1. A sugared-up Eldest had two sugared-up pals spend the night Halloween night. What a mistake. They were reprimanded at 2:30 (!) in the morning when Youngest was awakened and found his way to our room.
2. Pete was awakened by them "a few minutes later" according to his sleep-deprived brain. Turned out it was 4:30 (!!!!) in the morning. I'm not sure how many curse words escaped through his lips at that point, but they were quiet after that.
3. Relaying the night's events to me at 7 a.m., I immediately went down to Eldest's new room, opened the door, turned on the light, shouted, "Good morning, you rude people, get the hell up." And I started laundry in the room right next door. Just to be sure there was enough noise to keep them awake.
4. By Sunday afternoon, though, none of that seemed relevant at all.
5. On board Tuesday morning, it was clear I've not been on a US Airways domestic flight in many, many years. From San Francisco to Philadelphia, we had to pay $2 for a can of soda.
6. Forking over $1 for a cup of coffee, is it any surprise that I'd wonder aloud how much that sugar cube was going to set me back?
7. Wah-wah, wah-wah, wah-wah, the airline industry cries about its financial state. Frankly, I don't care. I can't bring a freakin' soda from home and get it through security so my choices are pay $3.69 for a 20-ounce bottle in an airport store passed security or $2 for a 12-ounce can on the plane.
8. Quick. You, devil man illuminated in the green glow of the lavatory in the middle of the night, do the math.
9. But don't forget to factor in the .10 per cube.
10. And, yes, a heavily pierced man had fashioned the few remaining strands of hair not into a comb-over but into two horns. Gave me a hell of a start at 4 a.m. somewhere in the world on the next leg of my never-ending, mind-numbing air trip.

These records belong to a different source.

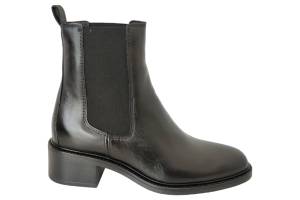 MJUS enkellaars MJUS L41201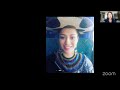MARTES CON M DE MILITANTE: GINA XIMENA YAURI CARAGUAI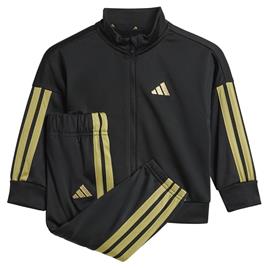 Adidas Agasalho Essentials Climacool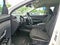 2022 Hyundai Tucson XRT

11. My closing wondering this week, a worthwhile addition to my standard 10, written at the end of my flight whatever day that was: It is true that I have never travelled such a distance without my children. But the most glaring difference, one that I have been able to keep from the forefront this long day of travel, is that I will not be making my way to see Ken. Perhaps it's for the best that I've kept the finality at bay this entire time and that I spent the last two days fearing the leaving of my children. The lights have come on the plane, now, and my ears are beginning to pop, and the sun is peeking through as passenger after passenger raises her shade, and there is no pretending for much longer that I will reach his neighborhood, pass his news agent, and squeeze onto his street and greet him.